With the availability of this "third edition" of the Library of Congress Guidelines for Hypertext Markup Language, NDMSO is recommending the use of HTML 4.01 along with Cascading Style Sheets. NDMSO will continue to closely follow Web browser and HTML/SGML developments so that as new specifications are completed and as browsers improve, Library-wide standards can be enhanced to take advantage of new features. NDMSO is also responsible for the maintenance of MARC; Z39.50 and related profiles; and, Standard Generalized Markup Language (SGML) Document Type Definitions (DTDs) which are being developed with outside participants for MARC records and Encoded Archival Description (formerly the "finding aids" DTD).

Why Standards Are Critical

Library Webmasters will continue to create Web pages for the public and internal Web sites. However, with just a rudimentary knowledge of Hypertext Markup Language (HTML), it is possible to create a Web page that displays acceptably under the browser the author is using (a "browser" is a WWW client, such as Netscape, Internet Explorer or Lynx). However, when HTML coding does not conform to accepted standards, Web pages may be rendered unsightly or even unreadable under other browsers or other versions of the same browser. Only conformant HTML coding will be rendered acceptably to all browsers, thereby presenting usable Web documents to the entire community of users.

In order for Library of Congress Web projects to form a coherent Web site, it is also critical that all staff follow a standard style guide as well as adhere to one HTML standard specification. The Library of Congress World Wide Web Style Guide should be used in conjunction with this HTML guide when creating Web pages for the Library of Congress:

http://www.loc.gov/loc/webstyle/

The HTML 4.01 Reference Specification

The HTML Reference Specification, version 4.01, is maintained by the World Wide Web Consortium (W3C) and is available at:

http://www.w3.org/TR/html40/

The original HTML specification was written by Tim Berners-Lee, now director of W3C, while he was at CERN (European Partical Physics Laboratory). Innovations from The National Center for Supercomputing Applications (NCSA) and other contributors were reviewed under the auspices of the Internet Engineering Task Force (IETF), and published as the HTML 2.0 specification (last updated on September 21, 1995 ), RFC 1866, edited by Dan Connolly. The next version, HTML 3.2 was finalized on January 14, 1997; this time developed in conjunction with commercial organizations including IBM, Microsoft, Netscape, Novell, SoftQuad, Spyglass, and Sun Microsystems. The most current version of the standard, HTML 4.01, was approved by the current W3C membership (see http://www.w3.org/Consortium/Member/List/) in December 1999.

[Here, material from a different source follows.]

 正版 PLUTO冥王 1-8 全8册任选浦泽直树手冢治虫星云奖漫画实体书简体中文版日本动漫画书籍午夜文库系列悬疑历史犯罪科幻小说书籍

A statement of the current HTML activity is available from W3C at:
http://www.w3.org/MarkUp/

SGML and HTML: Related Markup Languages

What is a "Markup Language"?

A markup language is a series of predefined codes or tags that are used to define the structural elements of a document. The tags generally surround a word or series of words on the page, "marking" them. The markup language is not intended to dictate a presentation of the file on paper or on a computer screen. That presentation is left to the user interface (Web browser) and accompanying style sheets.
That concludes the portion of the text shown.